Print out the entries that follow exactly, missing none.

[Short text fragments from websites]

══════════

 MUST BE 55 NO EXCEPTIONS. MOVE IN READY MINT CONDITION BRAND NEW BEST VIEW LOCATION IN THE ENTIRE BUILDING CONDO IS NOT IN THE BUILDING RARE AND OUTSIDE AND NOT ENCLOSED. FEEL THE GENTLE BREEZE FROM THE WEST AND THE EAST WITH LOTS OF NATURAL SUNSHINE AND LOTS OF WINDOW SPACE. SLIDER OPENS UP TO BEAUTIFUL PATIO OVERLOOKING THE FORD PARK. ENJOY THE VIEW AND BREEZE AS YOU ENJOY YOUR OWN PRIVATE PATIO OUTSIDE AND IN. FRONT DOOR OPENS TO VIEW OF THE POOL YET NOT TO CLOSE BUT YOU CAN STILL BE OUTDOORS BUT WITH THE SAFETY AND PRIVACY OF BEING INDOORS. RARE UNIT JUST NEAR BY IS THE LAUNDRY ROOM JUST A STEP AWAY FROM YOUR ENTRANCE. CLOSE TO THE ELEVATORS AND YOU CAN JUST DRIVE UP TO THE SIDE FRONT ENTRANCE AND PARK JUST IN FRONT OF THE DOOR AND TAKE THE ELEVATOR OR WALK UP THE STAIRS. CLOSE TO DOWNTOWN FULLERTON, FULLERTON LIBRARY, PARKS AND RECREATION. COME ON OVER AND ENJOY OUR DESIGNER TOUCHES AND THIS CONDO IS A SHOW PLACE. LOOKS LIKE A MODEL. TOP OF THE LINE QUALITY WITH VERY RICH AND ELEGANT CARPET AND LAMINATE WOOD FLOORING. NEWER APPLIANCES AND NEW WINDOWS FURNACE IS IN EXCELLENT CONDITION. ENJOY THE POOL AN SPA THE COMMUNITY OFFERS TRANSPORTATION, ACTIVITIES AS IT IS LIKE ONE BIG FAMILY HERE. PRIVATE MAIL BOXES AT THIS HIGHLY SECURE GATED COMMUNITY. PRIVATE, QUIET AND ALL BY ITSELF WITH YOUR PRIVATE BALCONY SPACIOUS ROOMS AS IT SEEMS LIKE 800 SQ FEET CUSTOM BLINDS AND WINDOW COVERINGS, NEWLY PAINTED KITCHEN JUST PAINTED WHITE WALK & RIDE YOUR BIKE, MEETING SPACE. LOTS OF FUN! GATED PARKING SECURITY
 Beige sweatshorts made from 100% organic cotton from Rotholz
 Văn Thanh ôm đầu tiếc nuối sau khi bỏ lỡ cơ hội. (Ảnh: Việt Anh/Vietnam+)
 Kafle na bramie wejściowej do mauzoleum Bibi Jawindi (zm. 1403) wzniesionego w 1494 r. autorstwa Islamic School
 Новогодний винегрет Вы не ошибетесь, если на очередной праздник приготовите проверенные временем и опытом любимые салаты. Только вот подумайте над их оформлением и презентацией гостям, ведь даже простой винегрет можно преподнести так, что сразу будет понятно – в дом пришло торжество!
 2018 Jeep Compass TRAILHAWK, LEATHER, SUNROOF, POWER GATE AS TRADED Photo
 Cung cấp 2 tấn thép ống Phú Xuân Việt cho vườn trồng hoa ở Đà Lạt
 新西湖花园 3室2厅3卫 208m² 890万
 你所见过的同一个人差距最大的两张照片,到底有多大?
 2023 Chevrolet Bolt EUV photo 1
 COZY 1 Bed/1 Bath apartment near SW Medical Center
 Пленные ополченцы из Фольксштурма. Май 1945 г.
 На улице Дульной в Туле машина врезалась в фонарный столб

══════════

• [Response to this exercise]:
 MUST BE 55 NO EXCEPTIONS. MOVE IN READY MINT CONDITION BRAND NEW BEST VIEW LOCATION IN THE ENTIRE BUILDING CONDO IS NOT IN THE BUILDING RARE AND OUTSIDE AND NOT ENCLOSED. FEEL THE GENTLE BREEZE FROM THE WEST AND THE EAST WITH LOTS OF NATURAL SUNSHINE AND LOTS OF WINDOW SPACE. SLIDER OPENS UP TO BEAUTIFUL PATIO OVERLOOKING THE FORD PARK. ENJOY THE VIEW AND BREEZE AS YOU ENJOY YOUR OWN PRIVATE PATIO OUTSIDE AND IN. FRONT DOOR OPENS TO VIEW OF THE POOL YET NOT TO CLOSE BUT YOU CAN STILL BE OUTDOORS BUT WITH THE SAFETY AND PRIVACY OF BEING INDOORS. RARE UNIT JUST NEAR BY IS THE LAUNDRY ROOM JUST A STEP AWAY FROM YOUR ENTRANCE. CLOSE TO THE ELEVATORS AND YOU CAN JUST DRIVE UP TO THE SIDE FRONT ENTRANCE AND PARK JUST IN FRONT OF THE DOOR AND TAKE THE ELEVATOR OR WALK UP THE STAIRS. CLOSE TO DOWNTOWN FULLERTON, FULLERTON LIBRARY, PARKS AND RECREATION. COME ON OVER AND ENJOY OUR DESIGNER TOUCHES AND THIS CONDO IS A SHOW PLACE. LOOKS LIKE A MODEL. TOP OF THE LINE QUALITY WITH VERY RICH AND ELEGANT CARPET AND LAMINATE WOOD FLOORING. NEWER APPLIANCES AND NEW WINDOWS FURNACE IS IN EXCELLENT CONDITION. ENJOY THE POOL AN SPA THE COMMUNITY OFFERS TRANSPORTATION, ACTIVITIES AS IT IS LIKE ONE BIG FAMILY HERE. PRIVATE MAIL BOXES AT THIS HIGHLY SECURE GATED COMMUNITY. PRIVATE, QUIET AND ALL BY ITSELF WITH YOUR PRIVATE BALCONY SPACIOUS ROOMS AS IT SEEMS LIKE 800 SQ FEET CUSTOM BLINDS AND WINDOW COVERINGS, NEWLY PAINTED KITCHEN JUST PAINTED WHITE WALK & RIDE YOUR BIKE, MEETING SPACE. LOTS OF FUN! GATED PARKING SECURITY
 Beige sweatshorts made from 100% organic cotton from Rotholz
 Văn Thanh ôm đầu tiếc nuối sau khi bỏ lỡ cơ hội. (Ảnh: Việt Anh/Vietnam+)
 Kafle na bramie wejściowej do mauzoleum Bibi Jawindi (zm. 1403) wzniesionego w 1494 r. autorstwa Islamic School
 Новогодний винегрет Вы не ошибетесь, если на очередной праздник приготовите проверенные временем и опытом любимые салаты. Только вот подумайте над их оформлением и презентацией гостям, ведь даже простой винегрет можно преподнести так, что сразу будет понятно – в дом пришло торжество!
 2018 Jeep Compass TRAILHAWK, LEATHER, SUNROOF, POWER GATE AS TRADED Photo
 Cung cấp 2 tấn thép ống Phú Xuân Việt cho vườn trồng hoa ở Đà Lạt
 新西湖花园 3室2厅3卫 208m² 890万
 你所见过的同一个人差距最大的两张照片,到底有多大?
 2023 Chevrolet Bolt EUV photo 1
 COZY 1 Bed/1 Bath apartment near SW Medical Center
 Пленные ополченцы из Фольксштурма. Май 1945 г.
 На улице Дульной в Туле машина врезалась в фонарный столб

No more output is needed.